Hyperloop transport system can help Cupertino
Speaking to CNET, Paul said that “at this point we have taken no formal action and have no official position on any specific transit mode or alignment,” adding, “personally, I am actively involved in trying to get as many options as possible on the table.”
Such a Hyperloop transport system would help reduce commute times in the region, which is struggling with traffic issues. The region has long been in search of creative transportation solutions.
“If this [hyperloop] comes to a realization, it would only take five minutes from DeAnza College to downtown San Jose instead of a couple hours,” Cupertino City Council member, Barry Chang said.
California’s San Jose region is a major hub for technology companies like Apple and thus, is one of the wealthiest in California. The residents primarily rely on personal vehicles for traveling. Therefore, a non-road based transport system could help in fixing the traffic issues.
Why “head tax” was axed?
On Tuesday, Cupertino’s City Council voted against the “head tax,” which would have affected Apple if approved. The Council also reportedly decided to wait until 2020 on the head tax, and in the meantime, would work with Apple to come up with a solution.

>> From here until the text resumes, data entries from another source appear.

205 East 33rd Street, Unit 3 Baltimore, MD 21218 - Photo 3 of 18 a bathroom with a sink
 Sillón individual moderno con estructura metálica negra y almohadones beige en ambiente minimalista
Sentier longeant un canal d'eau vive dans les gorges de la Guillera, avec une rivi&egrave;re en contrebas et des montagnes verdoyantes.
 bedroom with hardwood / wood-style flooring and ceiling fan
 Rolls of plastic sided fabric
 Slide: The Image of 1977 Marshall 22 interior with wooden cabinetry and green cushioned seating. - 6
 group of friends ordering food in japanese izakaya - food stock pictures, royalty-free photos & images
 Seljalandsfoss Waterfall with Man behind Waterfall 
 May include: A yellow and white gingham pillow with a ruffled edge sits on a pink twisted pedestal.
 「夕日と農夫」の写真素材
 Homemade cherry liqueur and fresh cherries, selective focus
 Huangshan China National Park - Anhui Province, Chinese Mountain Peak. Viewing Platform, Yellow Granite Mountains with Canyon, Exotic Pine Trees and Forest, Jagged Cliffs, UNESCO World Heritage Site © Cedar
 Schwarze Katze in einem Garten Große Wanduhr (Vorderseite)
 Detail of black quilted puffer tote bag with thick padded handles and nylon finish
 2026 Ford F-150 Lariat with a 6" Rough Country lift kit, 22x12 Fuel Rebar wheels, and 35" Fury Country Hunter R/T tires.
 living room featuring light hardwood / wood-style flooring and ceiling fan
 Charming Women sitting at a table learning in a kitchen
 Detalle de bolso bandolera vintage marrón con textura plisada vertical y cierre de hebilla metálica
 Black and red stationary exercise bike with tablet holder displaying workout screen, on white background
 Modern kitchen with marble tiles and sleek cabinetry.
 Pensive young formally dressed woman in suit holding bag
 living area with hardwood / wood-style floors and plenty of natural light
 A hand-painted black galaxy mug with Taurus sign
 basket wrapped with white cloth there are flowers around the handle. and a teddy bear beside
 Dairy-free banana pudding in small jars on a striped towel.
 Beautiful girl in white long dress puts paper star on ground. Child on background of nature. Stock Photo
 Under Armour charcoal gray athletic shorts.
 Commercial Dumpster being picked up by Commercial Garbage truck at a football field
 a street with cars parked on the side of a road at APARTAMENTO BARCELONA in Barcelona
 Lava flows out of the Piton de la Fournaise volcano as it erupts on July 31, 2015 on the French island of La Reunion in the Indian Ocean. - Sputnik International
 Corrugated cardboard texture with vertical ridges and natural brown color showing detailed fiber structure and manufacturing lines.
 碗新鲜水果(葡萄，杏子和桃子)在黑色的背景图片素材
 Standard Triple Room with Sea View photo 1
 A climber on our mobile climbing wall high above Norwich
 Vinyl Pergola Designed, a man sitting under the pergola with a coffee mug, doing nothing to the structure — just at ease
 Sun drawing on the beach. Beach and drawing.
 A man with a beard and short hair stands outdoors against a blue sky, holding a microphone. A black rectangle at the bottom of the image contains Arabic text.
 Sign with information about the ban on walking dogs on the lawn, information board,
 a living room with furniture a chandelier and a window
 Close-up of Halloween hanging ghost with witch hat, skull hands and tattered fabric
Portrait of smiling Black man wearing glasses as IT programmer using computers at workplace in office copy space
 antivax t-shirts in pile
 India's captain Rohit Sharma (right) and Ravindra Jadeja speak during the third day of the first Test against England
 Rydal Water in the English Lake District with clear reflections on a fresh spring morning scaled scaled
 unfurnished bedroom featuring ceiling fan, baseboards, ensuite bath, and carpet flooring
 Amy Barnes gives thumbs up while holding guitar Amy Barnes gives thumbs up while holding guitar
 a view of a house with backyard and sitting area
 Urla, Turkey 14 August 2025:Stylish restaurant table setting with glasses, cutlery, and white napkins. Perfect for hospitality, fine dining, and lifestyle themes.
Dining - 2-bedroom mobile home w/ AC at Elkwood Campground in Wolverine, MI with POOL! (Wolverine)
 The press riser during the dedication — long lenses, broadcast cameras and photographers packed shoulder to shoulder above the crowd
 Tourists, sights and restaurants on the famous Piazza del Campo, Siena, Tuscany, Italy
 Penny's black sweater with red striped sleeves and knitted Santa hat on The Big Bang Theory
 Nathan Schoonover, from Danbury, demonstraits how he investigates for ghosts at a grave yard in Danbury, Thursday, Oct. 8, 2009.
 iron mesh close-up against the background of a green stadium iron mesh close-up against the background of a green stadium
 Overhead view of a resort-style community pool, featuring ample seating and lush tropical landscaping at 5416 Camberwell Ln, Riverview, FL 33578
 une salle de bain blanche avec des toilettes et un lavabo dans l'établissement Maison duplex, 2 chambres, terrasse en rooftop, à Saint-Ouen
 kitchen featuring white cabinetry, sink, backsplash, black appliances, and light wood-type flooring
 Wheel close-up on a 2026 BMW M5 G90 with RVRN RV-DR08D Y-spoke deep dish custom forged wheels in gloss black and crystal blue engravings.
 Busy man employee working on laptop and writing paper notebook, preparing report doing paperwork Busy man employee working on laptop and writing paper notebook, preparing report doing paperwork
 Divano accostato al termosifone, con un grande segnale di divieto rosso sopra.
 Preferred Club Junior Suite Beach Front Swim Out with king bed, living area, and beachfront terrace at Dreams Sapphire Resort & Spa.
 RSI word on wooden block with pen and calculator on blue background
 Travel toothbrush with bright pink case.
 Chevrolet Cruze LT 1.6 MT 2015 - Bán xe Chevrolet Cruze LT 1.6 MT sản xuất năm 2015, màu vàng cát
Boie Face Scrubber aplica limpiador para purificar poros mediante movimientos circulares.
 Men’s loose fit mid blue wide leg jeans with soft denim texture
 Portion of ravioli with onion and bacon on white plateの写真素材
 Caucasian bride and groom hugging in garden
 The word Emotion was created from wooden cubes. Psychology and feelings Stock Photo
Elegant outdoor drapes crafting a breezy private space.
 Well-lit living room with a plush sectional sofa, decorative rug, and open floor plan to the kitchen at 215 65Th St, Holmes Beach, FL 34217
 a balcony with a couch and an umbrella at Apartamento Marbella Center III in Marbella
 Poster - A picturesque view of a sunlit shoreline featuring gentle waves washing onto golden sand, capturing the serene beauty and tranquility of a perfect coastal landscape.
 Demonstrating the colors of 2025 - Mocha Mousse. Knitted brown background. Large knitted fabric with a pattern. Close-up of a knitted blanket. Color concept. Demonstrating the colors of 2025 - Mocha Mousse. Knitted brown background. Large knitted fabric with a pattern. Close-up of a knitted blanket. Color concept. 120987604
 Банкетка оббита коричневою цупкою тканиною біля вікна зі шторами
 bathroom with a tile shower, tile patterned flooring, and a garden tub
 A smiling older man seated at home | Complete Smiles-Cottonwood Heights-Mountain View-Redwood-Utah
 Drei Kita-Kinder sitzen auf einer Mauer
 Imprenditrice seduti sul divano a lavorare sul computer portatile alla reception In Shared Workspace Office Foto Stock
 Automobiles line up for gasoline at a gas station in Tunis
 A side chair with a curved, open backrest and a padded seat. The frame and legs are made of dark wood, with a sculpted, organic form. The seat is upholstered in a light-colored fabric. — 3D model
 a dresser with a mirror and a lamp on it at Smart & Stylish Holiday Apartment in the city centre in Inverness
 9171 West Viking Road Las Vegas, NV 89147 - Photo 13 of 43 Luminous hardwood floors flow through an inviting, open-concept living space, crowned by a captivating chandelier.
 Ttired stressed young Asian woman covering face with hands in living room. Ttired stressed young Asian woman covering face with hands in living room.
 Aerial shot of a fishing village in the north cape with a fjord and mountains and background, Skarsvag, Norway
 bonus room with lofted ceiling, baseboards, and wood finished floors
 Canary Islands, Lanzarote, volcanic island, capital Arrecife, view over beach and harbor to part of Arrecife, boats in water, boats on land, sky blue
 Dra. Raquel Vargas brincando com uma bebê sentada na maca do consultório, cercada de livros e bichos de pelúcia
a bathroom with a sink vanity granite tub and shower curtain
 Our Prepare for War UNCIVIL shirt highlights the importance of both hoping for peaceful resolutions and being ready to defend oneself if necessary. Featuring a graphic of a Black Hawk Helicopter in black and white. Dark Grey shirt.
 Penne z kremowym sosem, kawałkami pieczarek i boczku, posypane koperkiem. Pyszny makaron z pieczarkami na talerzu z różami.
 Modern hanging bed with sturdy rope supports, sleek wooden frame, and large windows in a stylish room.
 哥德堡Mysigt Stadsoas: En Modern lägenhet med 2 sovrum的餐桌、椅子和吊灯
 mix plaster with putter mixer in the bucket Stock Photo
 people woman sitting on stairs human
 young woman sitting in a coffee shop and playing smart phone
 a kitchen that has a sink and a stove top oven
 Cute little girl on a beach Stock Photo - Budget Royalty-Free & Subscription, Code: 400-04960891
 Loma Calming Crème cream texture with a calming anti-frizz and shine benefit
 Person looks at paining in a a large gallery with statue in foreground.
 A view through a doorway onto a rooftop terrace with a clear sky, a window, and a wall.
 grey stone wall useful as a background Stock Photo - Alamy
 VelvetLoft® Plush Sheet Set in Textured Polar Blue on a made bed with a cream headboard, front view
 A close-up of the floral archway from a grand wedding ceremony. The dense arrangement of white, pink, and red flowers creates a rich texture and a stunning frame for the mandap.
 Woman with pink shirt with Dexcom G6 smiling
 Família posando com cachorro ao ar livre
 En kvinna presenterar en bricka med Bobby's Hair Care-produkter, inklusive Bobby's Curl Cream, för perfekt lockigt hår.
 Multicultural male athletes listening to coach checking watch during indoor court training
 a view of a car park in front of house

The head tax would charge a per-employee cost from a company with more than 99 people. Apple would have been badly affected if such a tax was introduced as the company has about 25,000 employees in Cupertino, thus, raising its tax bill from $17,000 presently to $9.4 million, claims a report from the council.
As was expected, Apple resisted such a tax structure. Earlier this week, the company publicly opposed the proposed tax, saying it has already spent over $70 million on public issues including transportation. But Apple’s resistance is possibly not the only reason the city council turned the proposal down, the Hyperloop could be another reason.
According to Silicon Valley Business Journal, Paul, during the city council meeting, said that they need more time to come up with the transportation plans, which may include a partnership with Apple. The iPhone maker could help in financing an expensive project like the Hyperloop.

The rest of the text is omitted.